Like a kernel thread, a user-level thread includes a set of registers and a stack, and shares the entire address space with the other threads in the enclosing process. Unlike a kernel thread, however, a user-level thread is handled entirely in user code, usually by a special library that provides at least start, swap and suspend calls. Because the OS is unaware of a user-level thread's existence, a user-level thread can not separately receive signals or use operating system scheduling calls such as sleep(). Many implementations of user-level threads exist, including: GNU Portable Threads (Pth) [1], FreeBSD's userland threads, QuickThreads [26] and those developed by us for the Charm++ system [25].
The primary advantages of user-level threads are efficiency and flexibility. Because the operating system is not involved, user-level threads can be made to use very little memory, and can be created and scheduled very quickly. User-level threads are also more flexible because the thread scheduler is in user code, which makes it much easier to schedule threads in an intelligent fashion -- for example, the application's priority structure can be directly used by the thread scheduler [9].
The primary disadvantage of user-level threads compared to kernel threads is
the lack of operating system support.

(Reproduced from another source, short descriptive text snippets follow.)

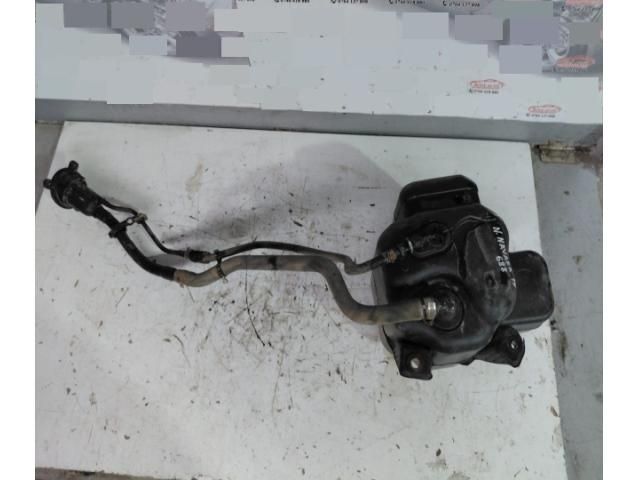 bontott NISSAN NAVARA AdBlue Tartály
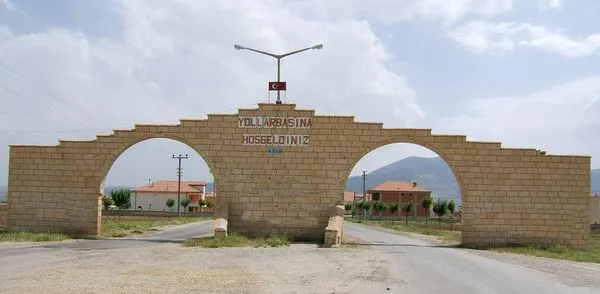 Köyün girişinden bir görünüm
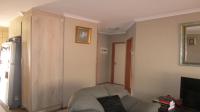 Lounges - 29 square meters of property in Glenmarais (Glen Marais)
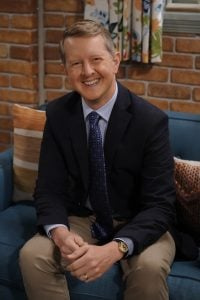   L'amfitrió Ken Jennings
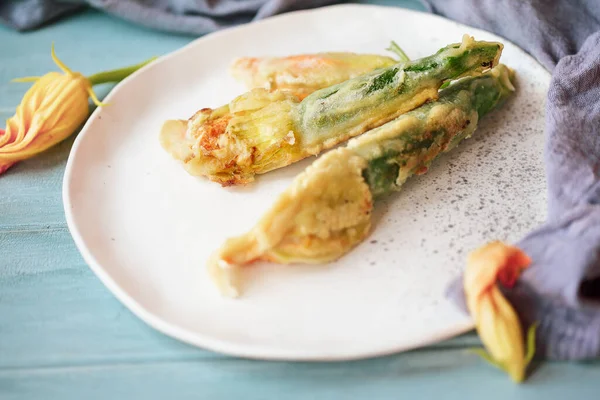 Skadad Och Stekt Zucchini Squash Blommor Skott Ovanifrån Över Blå — Stockfoto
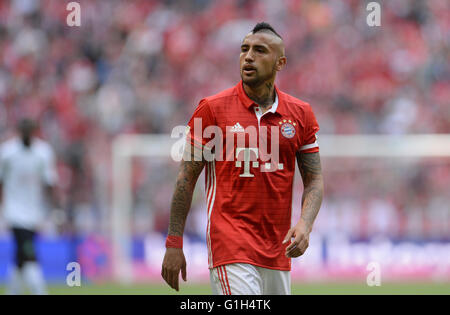 München, Deutschland. 14. Mai 2016. Münchens Arturo Vidal bei der Fußball-Bundesliga Spiel FC Bayern München Vs Hannover 96 in der Allianz Arena in München, 14. Mai 2016. Foto: Andreas Gebert/Dpa/Alamy Live-Nachrichten Stockfoto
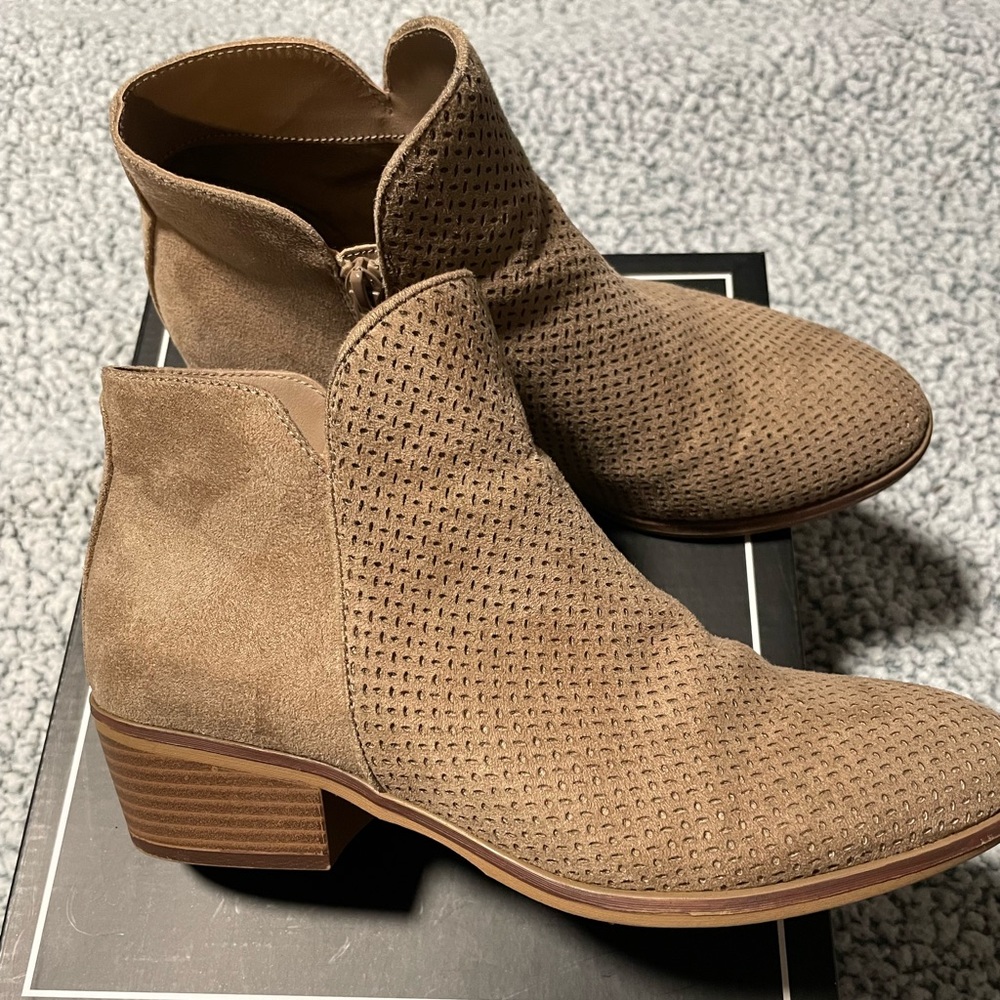 MIA Suede Booties 7.5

For example, when a user-level thread
makes a blocking call, the kernel does not start running another user-level
thread. Instead, the kernel suspends the entire calling kernel thread or
process, even though another user-level thread might be ready to run.
To avoid this blocking problem, some systems such as AIX and Solaris support
``N:M'' thread scheduling, which maps some number
of application threads
onto a (usually smaller) number
of kernel entities.
There are two parties, the kernel and the user parts of the thread system,
involved in each thread operation for N:M threading, which is complex.
The blocking problem can also be avoided by building a smarter
runtime layer which intercepts blocking calls, replaces them with a
non-blocking call, and starts another user-level thread while the call
proceeds [1]. Yet another approach is to provide support in the kernel to
notify the user-level scheduler when a thread blocks, often called
``scheduler activations'' [3,38].
Since user-level threads are controlled in user code, there is virtually no limit on the maximum number of threads as long as the resource allows. In practice, one can create 50,000 user-level threads on a Linux box very easily (see Table 2).